We met a camper at Tahquamenon Falls CG a couple years ago who also said they had a constant cold draft below their dining table window and the kitchen window too and were searching for what to do about it. Also commented that their bathroom was very cold too so you are not alone. Our Lance has a 3" dia heat tube outlet grill directly from the close by furnace to the bathroom and it keeps the bathroom nice and warm. We know how well our Lance is insulated and sealed as we have used it so much in winter for years. Nothing even froze up in those very cold temps and that sure made us happy.
For batteries lasting a day or two in very cold temps it's no problem as we have 3 group 31 deep cycle 225 minunte draw at 23 amps or 675 minutes for the 3 batteries which is a lot. There's room for 2 of the big batteries ahead of the rear wheel well in the driver's side bed and one in the TC battery compartment and all are coupled together with #2 gauge fine strand copper welder cable and charged with the same size copper + and - cables with an 80 amp marine fuse on each end of the + cable coming from the alternator with a high current slide switch so the 12V high amp current can be turned off when not wanted and for safety. The + lead also has a starter solenoid wired in ahead of the switch so the vehicle battery can't be drawn from and depleted. My system is isolated from the OEM electrical system. The cable back to the batteries in the bed in inside a split plastic sheathing and it's tied to the truck frame with HD plastic cable ties. Been there for 12 years now and still holding good. The 2 cables come up thru a grommet protected hole in the inside corner of the truck bed to the 2 batteries so there's no sharp metal edges to cut thru to the copper cable and short out. The rubber coated #2 0r #4 gauge welder cable can be bought at a Tractor Supply or other farm supply store or electrical supply place. Fine strand so it can bend a lot and not break like thick wire does.

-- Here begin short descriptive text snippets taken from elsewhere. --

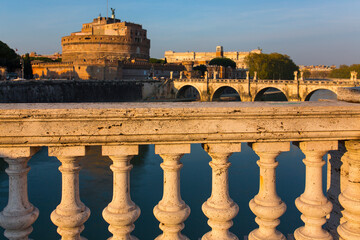 Tiber River, Saint Angelo Bridge and Castle, Rome, Italy, Europe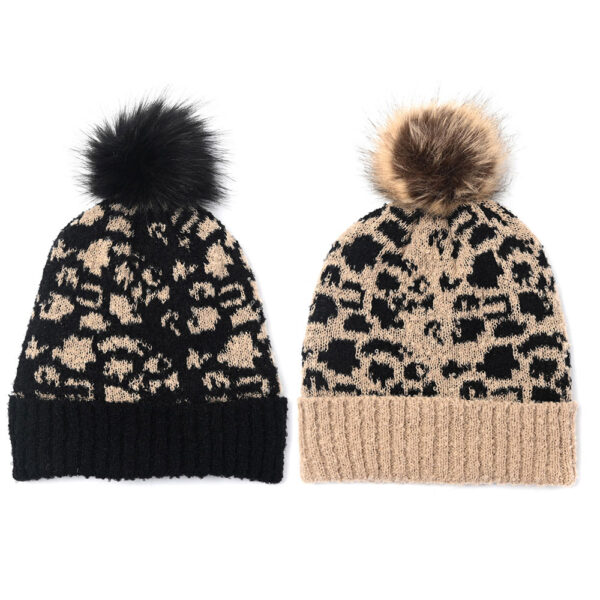 Gorro Mujer Animal Print Con Pompon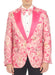 Men’s Drake Fuchsia Floral Tuxedo Blazer – Slim Fit Peak Lapel 1 Button Prom Dinner Jacket for Weddings & Formal Events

The keep the bed mattress from being so darn cold to get on at night in extreme cold weather, I have a heated mattress pad that runs off a small inverter to preheat the bed for an hour or two before hitting the sack. Works super and they really don't draw much wattage as they recycle on and off during the night and your body heat keeps them not drawing any current at all more than when it does. Ours only draws 80 watts when actually heating and with 3 big batteries, it's no problem at all even for 2 nights without even running the truck's engine to recharge. We both really hate a cold mattress and don't have one! If Momma ain't happy, nobody else is gonna be happy either!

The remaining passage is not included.